Dans les faits, cette proposition de résolution invite le gouvernement à réfléchir à une réforme, pour rendre le Parlement "davantage représentatif des préférences partisanes de chaque électeur". Concrètement, l'exposé des motifs du texte explique que "l’instauration d’un scrutin proportionnel, avec par exemple un seuil fixé à 5 % des voix, paraît être une voie envisageable". Une idée porté de longue date par le président du Mouvement démocrate, François Bayrou. Une idée "de plus en plus partagée par les Français", a souligné Isabelle Florennes.
Pour l'élue MoDem, cette réforme contribuerait à répondre à la crise de la démocratie et à la défiance envers les élus qui s'expriment notamment à travers la hausse de l'abstention. "Cela apporterait une légitimité indéniable aux candidats élus et donc à notre Assemblée", a-t-elle indiqué. "Faire évoluer notre mode de scrutin serait un gage fort pour une réappropriation de l'espace civique par les citoyens", a complété Isabelle Florennes. Déminant à l'avance les critiques portant sur le scrutin proportionnel, elle assuré que celles-ci étaient "infondées", qu'elles touchent aussi bien au risque d'instabilité politique qu'à la prétendue perte d'influence du président de la République qu'elle entraînerait, par rapport au Premier ministre.

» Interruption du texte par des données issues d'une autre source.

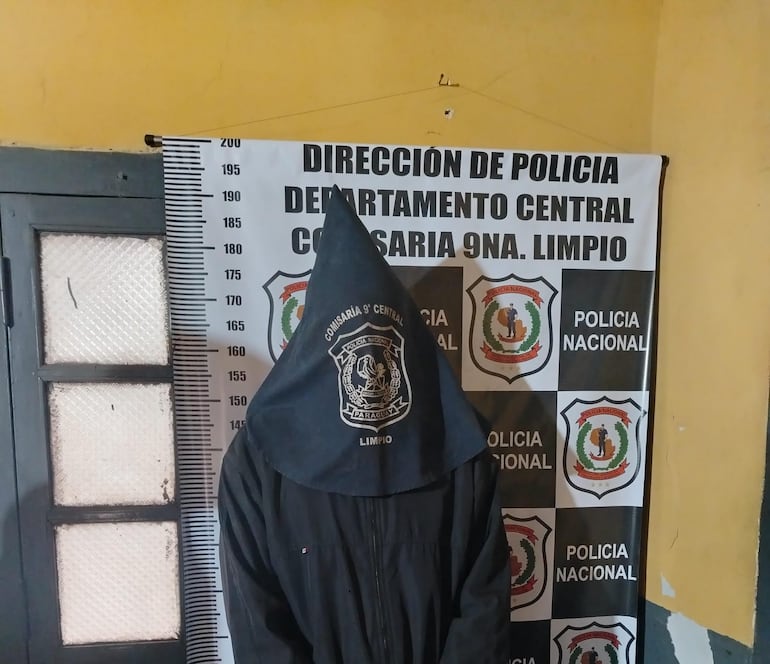 Cámaras de seguridad captaron presunta agresión a una joven y el sospechoso fue detenido.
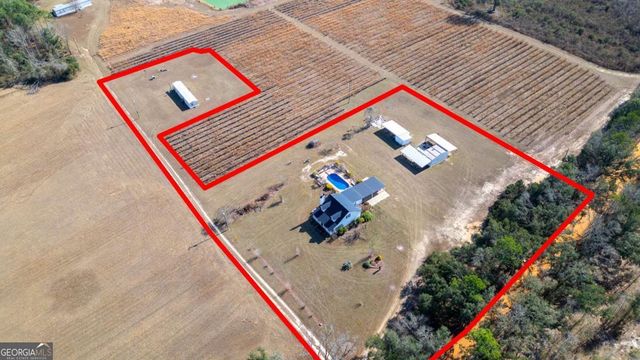 1054 Penny Morris, Baxley, GA 31513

La proposition de résolution a été favorablement accueillie par la ministre déléguée à la Citoyenneté, Marlène Schiappa, qui a rappelé que des projets de réforme avaient été menés durant le quinquennat, sans succès. L'affaire Benalla, puis la crise sanitaire, ayant notamment bouleversé l'agenda parlementaire. "Cette réflexion devra se poursuivre au-delà des échéances électorales à venir", a affirmé Marlène Schiappa. Une telle réforme permettrait de "répondre à la défiance croissante des citoyens", a complété Jean-Michel Mis (LaREM).
Tout en soutenant le texte, les députés de l'opposition se sont montrés critiques. "L'introduction d'une dose de proportionnelle était un engagement formel du président de la République", a rappelé Bertrand Pancher (Libertés et territoires). "Cinq ans plus tard, nous débattons d'une proposition de résolution non contraignante, à deux mois de l'élection présidentielle", s'est-il étonné, y voyant la "démonstration de l'impuissance [du MoDem] à peser sur la majorité et le gouvernement]". Et de remarquer que le groupe centriste n'a "même pas osé" passer par une proposition de loi au cours de cette journée d'initiative parlementaire.
Dans une veine similaire, Jean-Christophe Lagarde (UDI et indépendants) a fustigé la "promesse trahie" d'Emmanuel Macron. Pour lui, la représentation est "faussée" par le mode de scrutin actuel, qui ne vise pas à assurer une juste représentation des Français mais à dégager une majorité au service de l'Exécutif. Ainsi, la majorité a obtenu quelque 32 % des voix aux élections législatives de 2017, mais occupe environ 60 % des sièges à l'Assemblée. "Ça peut éloigner nos concitoyens de l'envie de voter lorsqu'ils ne sont pas dans le côté binaire de la Vème République. [...] Cela lamine beaucoup de nuances."
Gérard Leseul (Socialistes et apparentés) a, pour sa part, pointé l'intitulé "particulièrement flou" de la proposition du MoDem, qui ne précise pas les contours de la réforme souhaitée mais se contente d'ouvrir des pistes de réflexion. Mais Christophe Euzet (Agir ensemble) a souligné que l'essentiel était "d'ouvrir le débat" et a alerté contre le risque de "l'émiettement de l'offre politique" que pourrait provoquer le passage à un scrutin proportionnel. Cette réforme est un "véritable serpent de mer institutionnel", a pointé Stéphane Peu (Gauche démocrate et républicaine). L'élu communiste a toutefois fait part de son souhait de la voir un jour votée et mise en oeuvre : "Avec la proportionnelle, cela en serait fini de l'arrogance et des logiques monarchiques qui exaspèrent tant nos concitoyens", a-t-il estimé.